I lie there, thinking about all of this and listening to the tape Burlie made for me, until dawn arrives and weak sunlight trickles into my room. It’s still snowing, and the sky is gray. The whole world feels cold, and I can’t get warm. It’s like the wind the creature in the house swept at me with its wings has wrapped around me and won’t let go.

I get up, pull a hoodie over my head, and go to the kitchen. Mamaw is standing at the stove, cooking bacon. “Made coffee,” she says. “Want some eggs?”

“Sure,” I say. “Thanks.” She rarely makes breakfast, and usually it’s just a bowl of Froot Loops or Cap’n Crunch for herself. This is a surprise.

I pour some coffee into a mug and sit down. As I wait for breakfast to be ready, I consider telling Mamaw what happened in the abandoned house. But now that it’s daylight, it all seems kind of silly. So when she sets a plate of bacon and scrambled eggs in front of me, I eat it without saying anything.

“Where’s Pike?” I ask Mamaw. “He never sleeps through the smell of bacon cooking.”

“Don’t know,” Mamaw says. “Not in his bedroom. Truck’s gone. Guess he went out.”

I grunt. Pike being up this early is almost unheard of. That means he probably got a call from Wart or one of his clients and went out to make a sale. At least he didn’t wake me up to go with him. I’m grateful for that.

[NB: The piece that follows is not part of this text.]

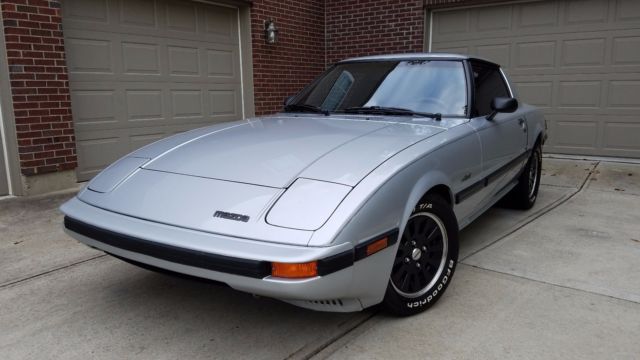 1984 Silver Mazda RX-7 Coupe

Mamaw is standing in front of the open refrigerator. “Outta pop,” she says. “And only got two cigarettes left.”

Now I know why she’s made me breakfast. She wants me to go to the store for her. With Pike gone, that means I’ll have to walk. It’s more than a mile each way. But it’s Sunday morning and I don’t have anything else to do, so after I finish eating, I set the plate in the sink and say, “Think I’ll go to the Piggly Wiggly,” as if this isn’t exactly what she wants me to do.

The walk is actually nice. Because of all the snow, there aren’t a lot of cars out, and I have the road to myself. I have Burlie’s Walkman in my coat pocket and the headphones in, listening to the Christmas songs he picked out for me. The mystery of how the player ended up in the house is still there, but I ignore it for the moment and try to just enjoy the music. But every time a song mentions angels—and there are a lot of angels in Christmas songs—I think about what I saw and what it might mean.

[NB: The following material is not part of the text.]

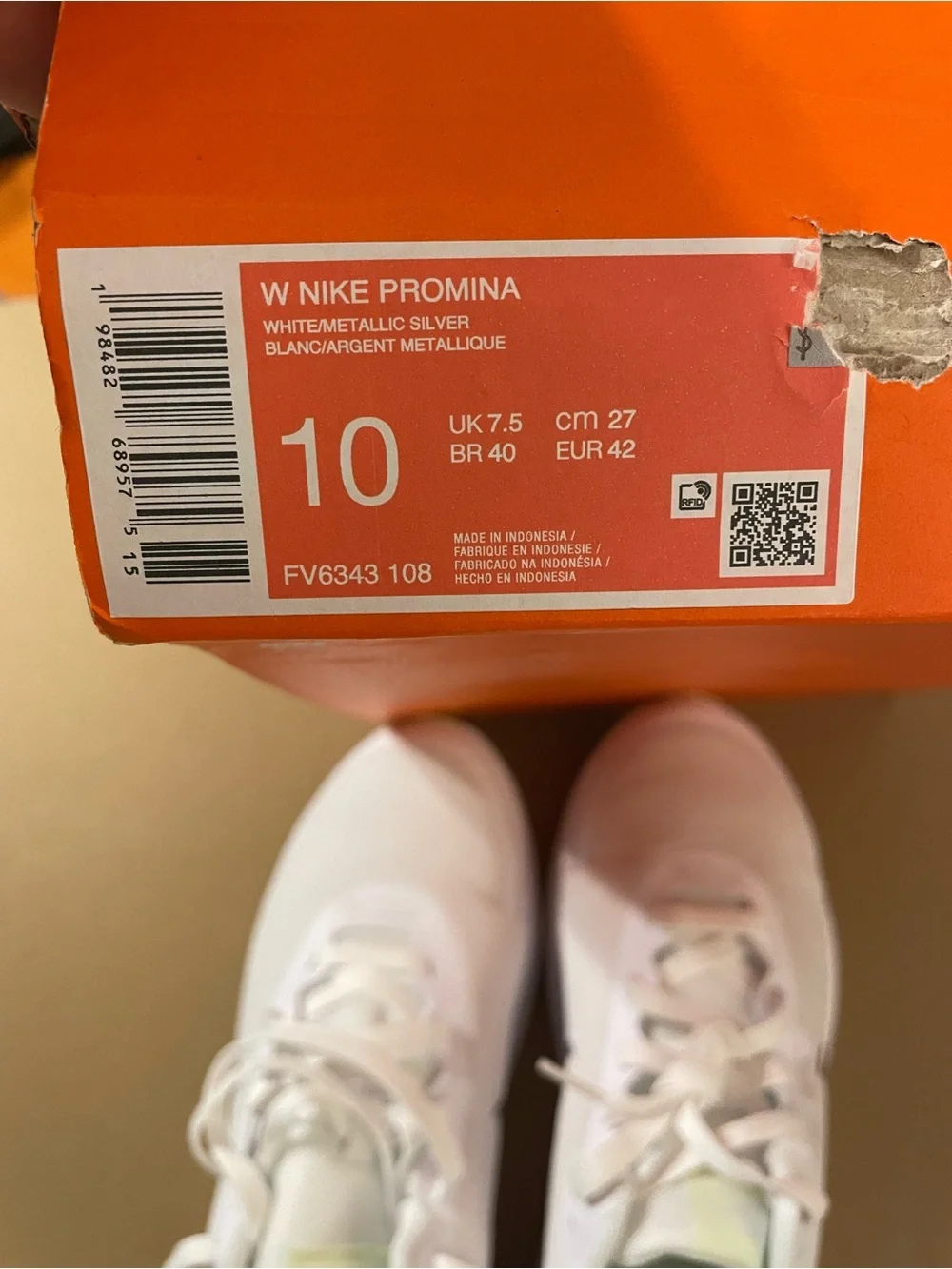 NEW Nike Promina White Metallic Silver Sneakers - Women’s Size 10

A song comes on by a group called Over the Rhine. They’re from Ohio, like me and Burlie, and he really likes them. Every year they do a series of Christmas concerts, and one of the things Burlie wanted to do was go see them together. He was saving up money for tickets.

The song on the tape is called “Snow Angel,” and even though it’s a Christmas song, it’s sad. It’s all about someone whose lover goes off to war and doesn’t come back, and how the one left behind is comforted by knowing that one day they’ll die, too, and the two of them will be reunited and be happy again. Not exactly cheery. But the singer’s voice is beautiful, and Burlie loved playing the record the song is from. He said sometimes sad is better than happy because sad reminds us that happy doesn’t last forever, and that we need to enjoy it while we can.

Another warning.

When I get to the Piggly Wiggly I keep the tape playing while I go inside. I pick up a six-pack of Ale-8-One, then head to the checkout for Mamaw’s cigarettes. I’m not old enough to buy them, but nobody ever cards around here. I set the pop on the conveyor belt and say, “Pack of Newports.”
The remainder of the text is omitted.